Nick quasi si strappò il colletto dalla frustrazione. Scolò la birra e ruttò in faccia al tipo.

«Erano davvero una merda come si dice, i Settanta?»

«Non lo so, io sono nato negli Ottanta».

«Non dire cazzate», replicò Nick. «Sembri uno stupido hippie».

«In realtà sono insegnante di karate. Mettilo in conto, se cerchi rogna».

Nick andò verso l’uscita e strizzò gli occhi guardando la strada. Il solito ottenebramento delle notti brave era troppo forte per lui e la dose giornaliera di luce di cui aveva bisogno la trovava in un videogioco qualsiasi, nelle bettole o scattando foto con il suo telefono. Per un attimo pensò di tornarsene a casa. Ma non si addormentava mai prima di mezzogiorno e detestava i sogni che si fanno nel dormiveglia. Doveva essere sempre stremato, rintronato, perso prima di poter strisciare a letto e intraprendere il lungo viaggio di ritorno alla realtà dell’ineluttabile vita quotidiana. E a questo si aggiungeva che starsene sdraiato a scaldare la schiena di sua moglie con l’alito alcolico fino a quando lei svegliasse, non era una bella prospettiva.

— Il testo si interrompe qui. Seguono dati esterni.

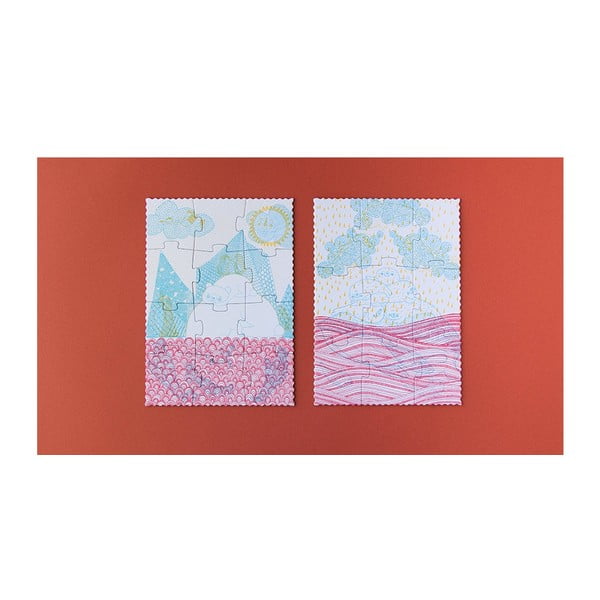 Пъзел Върху ледената покривка - Londji-image-2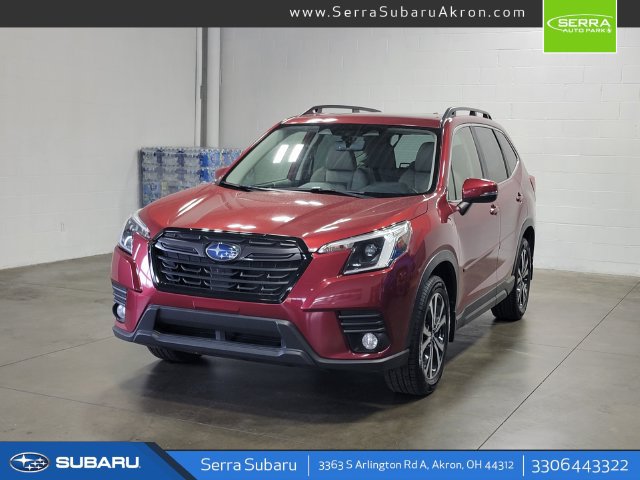 Certified 2023 Subaru Forester Limited w/ Popular Package #2 AWD/4WD image 1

Rabbrividendo prese dalla giacca gli occhiali da sole e se li infilò. L’aria era gelida e tirò su il colletto della camicia. Non aveva più voglia di bere, ma quali erano le alternative? La migliore sarebbe stata tornare indietro, sputare nella coca-cola dell’hippie, fotografare la sua faccia brufolosa e proiettarla sul muro di fronte, su cui un anarchico aveva scarabocchiato GERMANIA CREPA.

Anche per me potrebbero crepare tutti, pensò. Non solo i tedeschi.